The DynamoDB client has the following maximum batch limitations:
Limit Type | Limit |
---|---|
Number of Records | 25 |
Byte size of a single record | 400,000 bytes |
Byte size of a batch | 16,000,000 bytes |
Partition Key and Partition Key Location
By default, the Partition Key will be the value located in the corresponding key within the payload when
submit_payload
is called.
For instance, if the DynamoDB client is intialised with a partition_key
of “myId” then submit_payload
will look for
“myId” in the payload. This will then be used to ensure the payload is not a duplicate of a previously submitted
payload.
However, it may be necessary to submit payloads which do not already contain the Partition Key attribute. In this scenario you can instruct Boto3 Batch Utils to locate a different value within the payload and set the Partition Key on your behalf.
dy = DynamoBatchDispatcher('MyExampleDynamoTable', partition_key='myId')
dy.submit_payload({'id': 'abc123', 'something': 'in', 'my': 'message'}, partition_key_location='id')
In the above example the actual record submitted to DynamoDB would look as follows:
{'myId': 'abc123', 'id': 'abc123', 'something': 'in', 'my': 'message'}
Partition Key Data Type
By default, using partition_key_location
to identify the desired Partition Key will convert the value found to a
str
. If the DynamoDB table’s Partition Key is not a string you need to pass in the correct object type using
partition_key_data_type
when the client is intialised, e.g.:
dy = DynamoBatchDispatcher('MyExampleDynamoTable', partition_key='myId', partition_key_data_type=int)
Sort Key
During initialisation, indicate that the DynamoDB table uses a Sort Key. This is done by passing in the location within payloads that the Sort Key can be found. The Sort Key is used by the client to assist with record deduplication.
dy = DynamoBatchDispatcher('MyExampleDynamoTable', partition_key='myId', sort_key='createdDatetime')
Note: Unlike partition key, the sort key can not be overridden during the
submit_payload
. It must already exist in the payload.
Uniqueness
When a record is submitted to the DynamoDB client using submit_payload
it is checked for uniqueness.
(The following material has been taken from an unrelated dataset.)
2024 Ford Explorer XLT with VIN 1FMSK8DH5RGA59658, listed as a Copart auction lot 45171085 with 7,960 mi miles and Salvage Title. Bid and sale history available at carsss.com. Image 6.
The record will
only be accepted if it is considered unique. Uniqueness criteria for this client are:
- If the DynamoDB table has a sort key: The combination of the Partition Key and Sort Key must not exist in the list of records pending dispatch.
- If the DynamoDB table does not have a Sort Key: The Partition Key must not exist in the list of records pending dispatch.